Boston’s proximity to the ocean has long been an advantage, but with climate change underway and sea levels rising, new developments are taking steps to go green and stay out of harm’s way.
Encore Boston Harbor hotel and casino isn’t gambling with climate change as it doubles down on sustainability through its horticulture program. Originally void of vegetation, the resort’s grounds now boast approximately 790 newly planted trees selected by Patrick Chadwick, director of horticulture and floral. These trees range from multicolored varieties of maples to weeping flowering cherries and Scotch pines—each chosen not only for aesthetic reasons, but the hardiness of the plant. The program goes below the surface with a turf designed for Wynn Resorts that does not require as much watering or pesticides as normal grass does, allowing the horticultural department to use mostly electric or manual gear to maintain it. “We will also be irrigating the property from a rainwater collection system,” Chadwick says. “This filtered rainwater is used throughout the property for watering our trees, shrubs and flowers.” Slated to open in June, Encore also set its sights on the surrounding harbor, recently completing an estimated $68 million cleanup of the once famously contaminated Mystic River.

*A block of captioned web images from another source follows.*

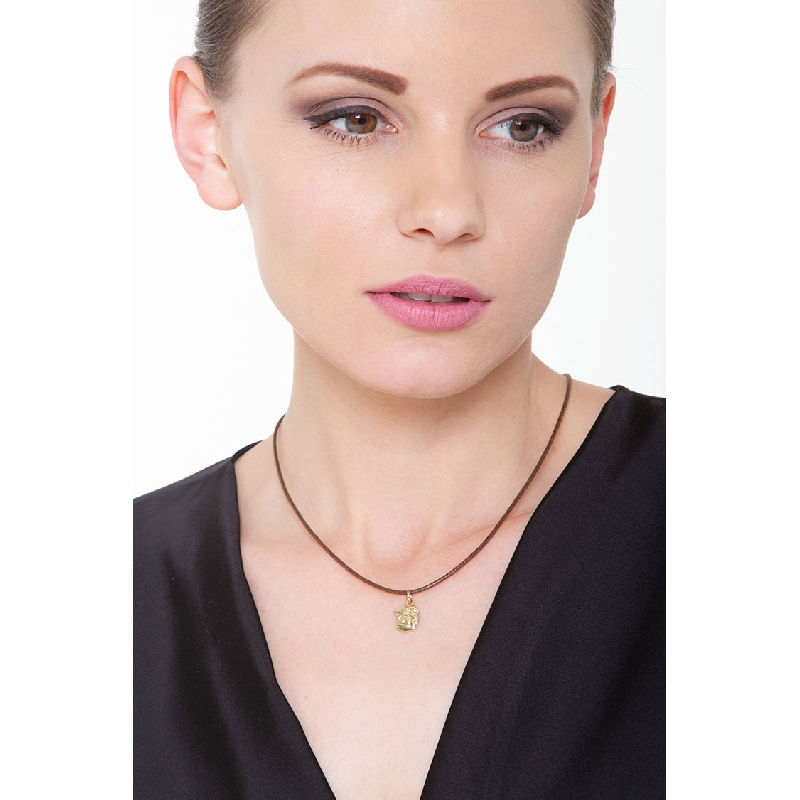 Angel pendant, 18k yellow gold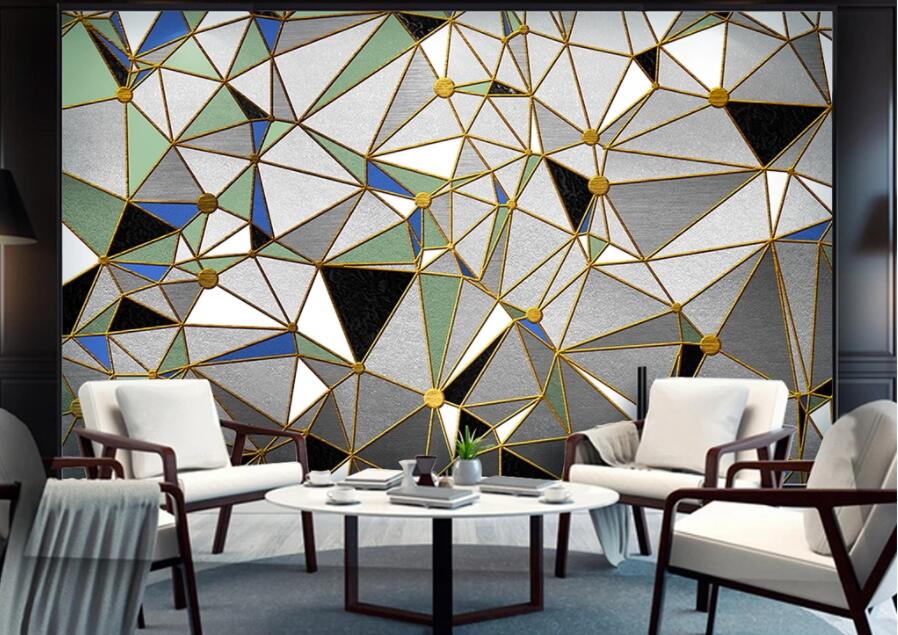 3D Triangle 1949 Wall Murals Wallpaper AJ Wallpaper 2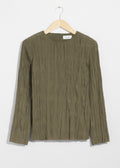 Top St Vanda Crincle Top - Kaki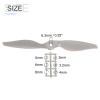 MECCANIXITY 13x6.5 Propeller RC Propellers 2 Vane Blades Props Grey with Adapter Rings for Electric Airplane Aircraft, Pack of 4 view 2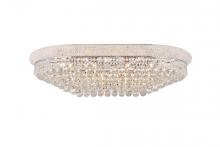 Elegant Lighting V1800F40SC/RC - Primo 24 Light Chrome Flush Mount Clear Royal Cut Crystal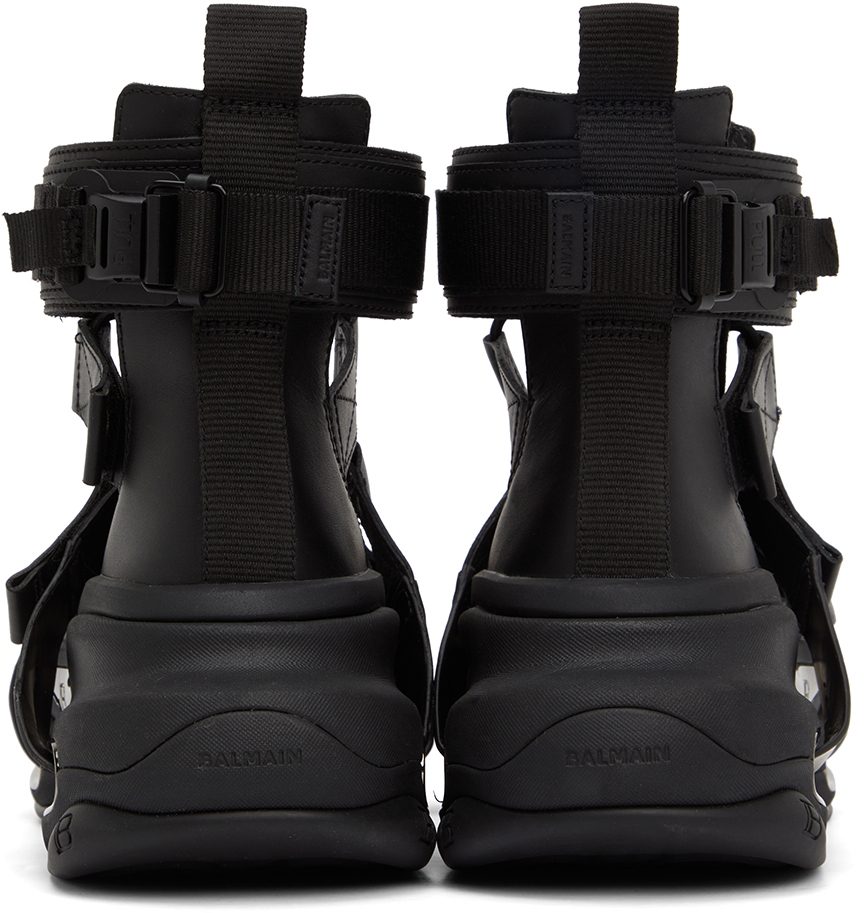 Balmain Black B-Bold Sandals (XM1VH286LRZL)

In its first property in Boston, St. Regis Residences draws fun inspiration from the sea, with the tower’s facade alluding to billowing sails, rolling waves and the gentle arc of a ship’s bow. But the building—boasting 114 condos with harbor views in the Seaport spot formerly home to Whiskey Priest and Atlantic Beer Garden—is equipped to treat the sea with a bit more caution. Set to open in early 2021, the property will include a number of resiliency features, the most notable a permanent deployable flood barrier system skirting the perimeter. Taking into account rising sea levels, the team at Elkus Manfredi Architects chose a system that’s easily accessible and adaptable, consisting of a flex wall that rises 22.5 feet above Boston’s City Base (an adjusted sea level)—much higher than Seaport Boulevard’s current elevation—and is re-enforced with additional bracing posts. “It’s our responsibility as architects to educate the public and our clients and to provide design solutions that protect the public realm,” says William Halter, vice president at Elkus Manfredi. The wall combines a waterproof membrane with woven Kevlar and is stored in a channel that’s mechanically sealed with steel panels once the storm subsides and the water flows back into the harbor.
In Boston, there are few places as in flux as the Seaport, and Arrowstreet had to wade through environmental uncertainty when designing two 12-story buildings set to open in spring 2020—a Hyatt Place hotel that boasts 294 rooms and a separate mixed-use glass-walled stunner with 304 rental units as well as restaurant, retail and office space. Some 500,000 square feet, the project transforms the cityscape across from the Rockland Trust Bank Pavilion, but rising tides mean the Seaport is about to have a lot more sea in it. “One of the challenges in the project was figuring out how to protect the ground floor and design the facade to resist a potential storm event,” says Amy Korte, principal at the Boston-based architecture and design firm. Arrowstreet cleverly camouflages some of its flood-proofing efforts, like using elevated dining patios that will also raise the interior elevation of the first floors of both structures. But some of the work is bare for all to see, says Korte: “The glass storefront for the retail and lobbies is engineered to withstand a high elevation of water.”
Bostonians aren’t the only ones setting their sights on Clippership Wharf, the nearly 500 residences that are slated to open in Eastie this May. Soon enough, ducks, lobsters, seaweed and other native species will make themselves at home, too, thanks to a living shoreline in the inner harbor. Saltwater marshes—installed throughout terraces made from granite blocks excavated from the site’s old sea walls—will continue to grow in the next few years, attracting wildlife while also acting as a buffer during severe storm surges. “The transformation that the site undergoes during the course of a day is really kind of remarkable,” says Nicholas Iselin, Lendlease’s general manager of Boston development, who’s overseeing the project. “The inner harbor has a 10-foot tide on a normal day, and so the living shoreline is completely underwater at high tide and completely exposed at low tide.” Some 10,000 square feet of dining and retail is expected to beckon the public to the shore for the first time in more than 30 years, in addition to a walkway through the 7-acre site that includes access to equipment from Charles River Canoe and Kayak. Says Iselin: “One of the most interesting opportunities was to think a little bit differently about public access and create an experience that wasn’t just about looking at the water behind bollards and chains.”